Cumulative weight loss (mg cm-2) for M1 and M2 samples over the exposition time (h½).

The DR of M1 sample is not adherent with the currently degradable biomaterial and should be improved. Although presenting an intense initial DR, the M2 sample subsequently maintained an almost stable degradation of 1.0 mg cm-2 day-1. Compared to other alloys in use (see supplementary Table S2), the corrosion evaluation results have showed adherent values yielded by other as-cast alloys after being annealed, extruded, and coated with hydroxyapatite.10,17,22,28,30,31,34

Conclusion

Powder metallurgy was used to produce MgZnCa alloys. The microstructure, degradation rate, and mechanical properties of the fabricated alloys were evaluated. Based on the achieved results, it has been shown that the powder metallurgy successfully produced near-shaped MgZnCa alloys, such as M1 (Mg5Zn1Ca) and M2 (Mg29Zn2Ca), with a presence of pores, in which, upon evaluation, the M2 sample exhibited stronger resistance and lower corrosion in SBF solution, yielding an average degradation rate of 1.0 mg cm-2 day-1, which is similar to other annealed, extruded, and hydroxyapatite-coated as-cast alloys.

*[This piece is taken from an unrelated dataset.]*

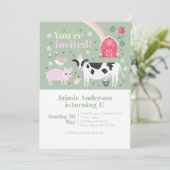 Kinderen Groene Boerderij Dierlijke Koe Dag Kaart (Staand voorkant)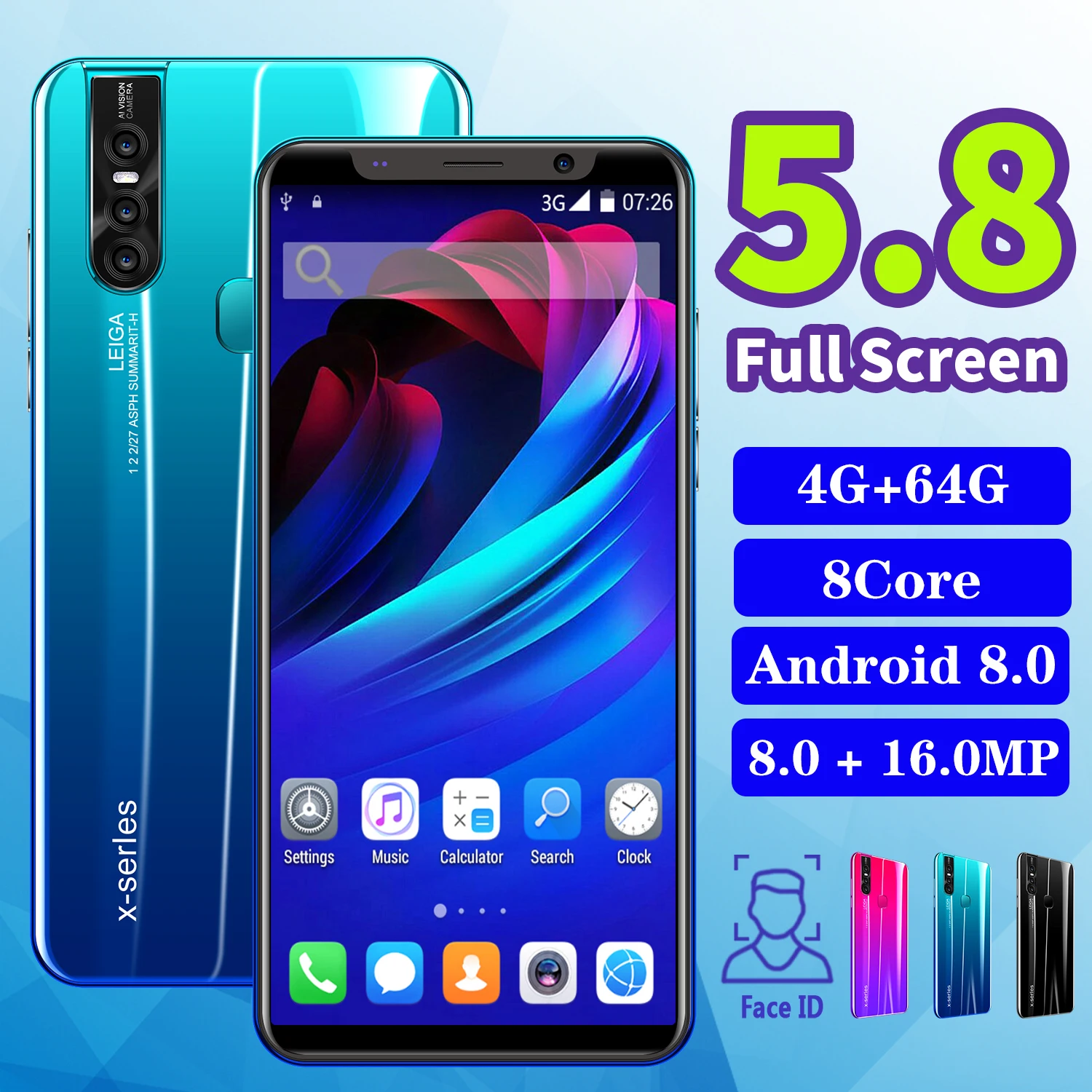 

Global Version Smartphone X27 Plus 5.8 Inch HD Full Screen 4GB + 64GB 4800mAh Supports Facial Recognition To Unlock Android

It has also been shown that Zn and Ca content in the Mg alloys has a significant impact on their microstructure, and that one of the fabricated alloys (M2) exhibited more intermetallic and lamellar phases, as well as precipitate formation, mainly in the grain boundaries and dendritic regions, impacting in its grain refinement and pore formation.

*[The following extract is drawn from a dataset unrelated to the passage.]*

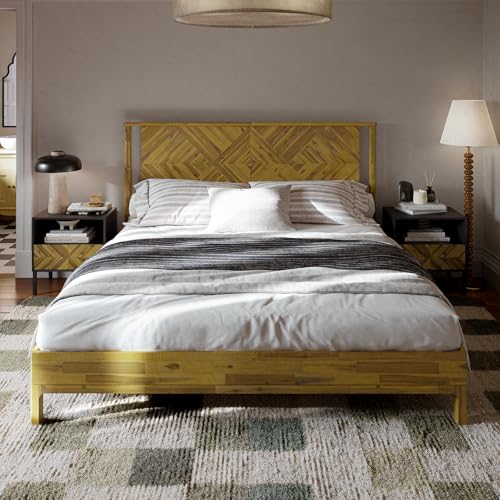 Bme Ethan Solid Wood King Bed Frame with Diamond Headboard...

Finally, the M2 sample yielded good results with regard to its microstructure balancing properties, corrosion resistance, and mechanical properties, and thus can be considered for use in surgical implants with suitable biodegradability characteristics. For further studies, evaluations of the adequate element composition of the powders, the sintering process parameters, and the consequence and cause of the pore formation in the MgZnCa alloy matrix should be explored for the development of customized surgical implants with self-absorption characteristics.